For that matter, Paige was not 46 when he pitched in the 1948 World Series, he was 42. Tall tales about Paige’s “Real age” have long been told, and Paige himself claimed to not know for sure (but he liked poking fun at reporters and seeing what he could get them to believe) but his birth certificate was quite literally found and confirmed by Bill Veeck in 1948. Paige was born on July 7, 1906, a date which incidentally makes total sense with regards to his big league career starting in 1927.

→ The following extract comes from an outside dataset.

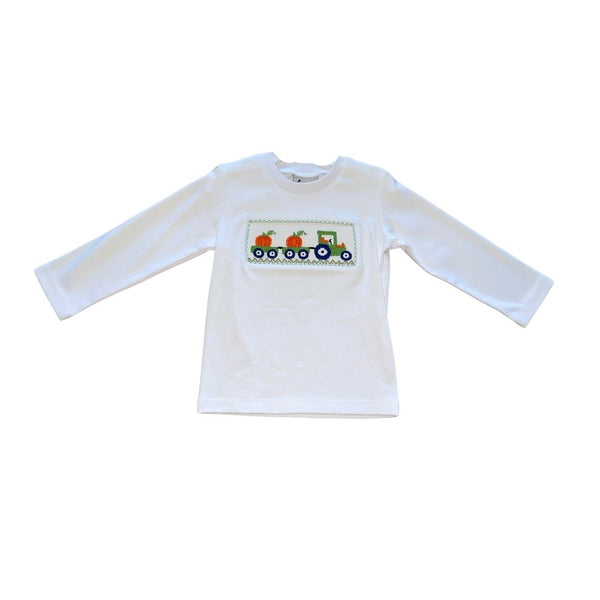 White smock Tee with tractor Pulling pumpkins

Crazy stories about Satchel Paige are more numerous than the actual facts. Of course no sane person would let him do something like that. In 1948, Paige walked 22 men, hit another, and gave up 61 hits and two homers, all in 72.2 innings. Very impressive numbers but not perfect, and a man with PERFECT control would walk and hit no one and give up way fewer hits than that. His control when he was younger wasn’t that much better, and he threw incredibly hard - Paige was very similar to Tom Seaver, or Max Scherzer if Scherzer remains good enough to pitch in the majors when he’s in his mid-40s, but Paige threw harder than Scherzer, at least relative to his peers. Gerrit Cole has amazing control; would anyone who doesn’t have a death wish let him try to pick a cigarette out of their mouth? Come on.
No, they just repeat Larry Tye saying it, which isn’t the same thing as reporting it happened.
Books about baseball are often appallingly ill-sourced and full of tall tales. Journalists often seem to figure if it’s baseball, it’s not important to get all the details right or cast a skeptical eye on anything.